Adjournments for evidence—It has been observed that a number of Courts grant an adjournment merely because the party at fault is prepared to pay the costs of adjournment. Subordinate Courts should bear in mind that the offer of payment of the costs of adjournment is not in itself a sufficient ground for adjournment. The provisions of Order XVII, Rule 3 (as substituted by C.P.C. Amendment Act No. 104 of 1976), also deserve notice in this connection. If a party to a suit to whom time has been granted for a specific purpose as contemplated by Order XVII, Rule 3, Civil Procedure Code, fails to perform the act or acts for which time was granted without any good cause the rule gives the Court discretion to proceed to decide the suit ―forthwith,‖ i.e., without granting any adjournment. In such cases a further adjournment should not ordinarily be granted, merely because offer is made for payment of costs. In some Courts, it is apparently assumed that if such an adjournment is not granted the case will be remanded by an Appellate Court. There are, however, no valid grounds for this assumption. If the record makes it clear that a further adjournment has been refused because of the negligence of the party concerned, such refusal would not in itself justify an Appellate Court in remanding the case. An adjournment granted otherwise than on full and sufficient grounds is a favour in Civil suits favour can be shown to one party only at the expense of the other.

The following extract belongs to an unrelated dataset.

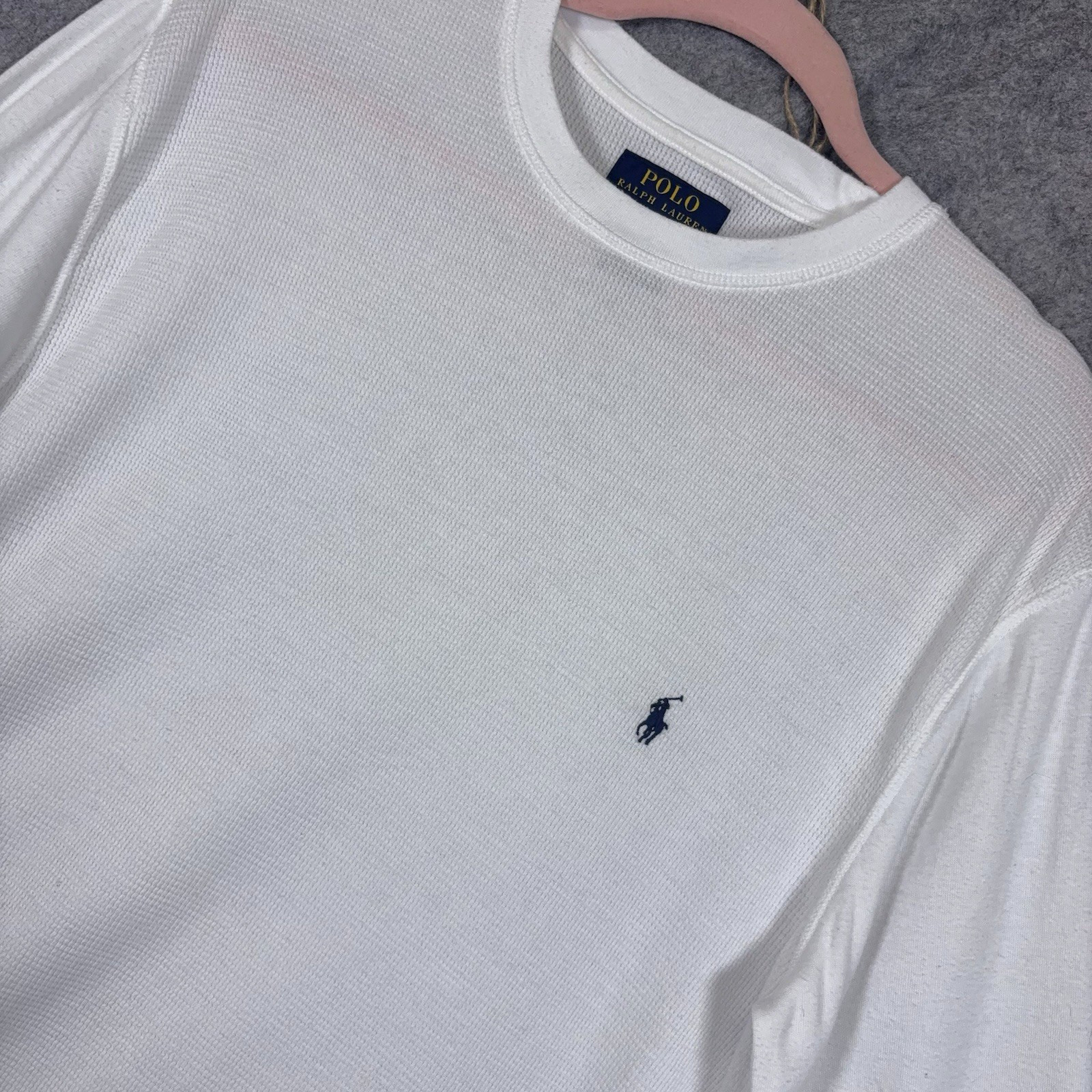 Polo Ralph Lauren Waffle Knit Shirt Mens Sz L White Thermal Base Layer Logo gallery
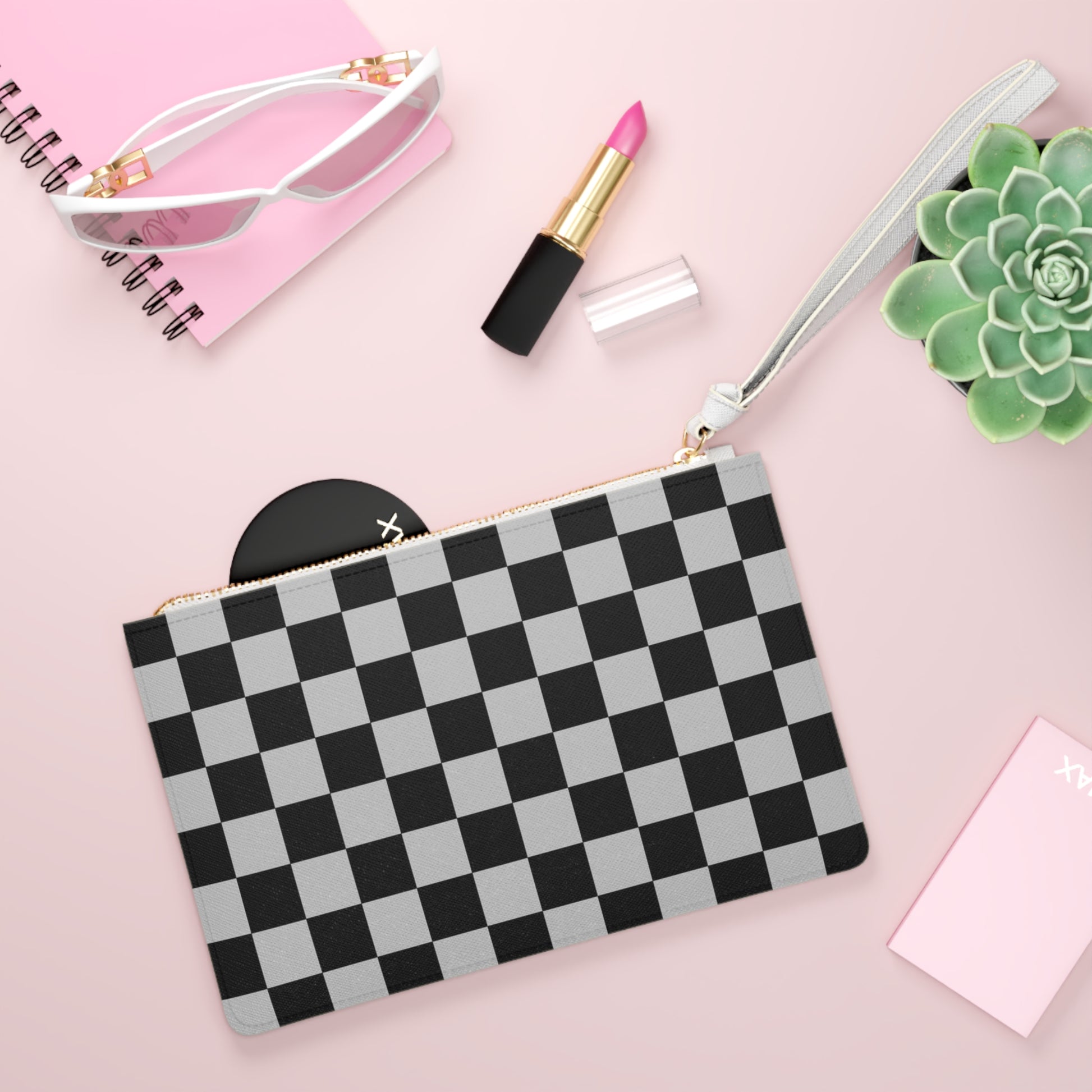 Checkerboard Dada Black and Light Gray Clutch Bag, Artsulli - Art is Long, Life is Short, Bags, , , , , , ,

No hard and fast rule can, however, be laid down. Each case must be judged on its merits.
Adjournments for arguments—The practice of adjourning a case for arguments alter all the evidence has been given should, as a rule, not be followed except in long and complicated cases. But this observation does not extend to an adjournment when reasonably necessary, for a reply on the whole case by the party who is entitled to such reply nor to an adjournment for argument on a question of law which may have arisen during the trial and may have been, for convenience sake, reserved for argument until after the taking of the evidence. Whenever a case has to be adjourned for arguments it should be adjourned to the next day, or, if this is not possible, to a very near date.
Memo of evidence should be legible—The Judge‘s memoranda of evidence should always be written in a legible manner; and if from any cause they have been illegibly or indistinctly recorded, copies should be made and placed with the record.
Interlocutory order and notes—All orders made by the Court relative to change of parties, or adjournments, or bearing upon the course of the hearing of the suit other than depositions, orders, deciding any issue and the final judgment, and notes of all material facts and occurrences which may have happened during the hearing of the suit, such as the presence of witnesses, etc., must be carefully recorded from time to time by the Presiding Officer in his own handwriting and be dated and appended to the record. Each ―order‖ or ―note‖ should be clearly marked as such.
The practice prevails in the subordinate Courts of writing orders on the back of applications made by the parties during the trial of a case. Such orders may sometimes escape notice during the hearing of appeals. It is, therefore, desirable that the summary of all interlocutory orders should be recorded separately by the reader at one place in chronological order and kept at the beginning of the English record of evidence.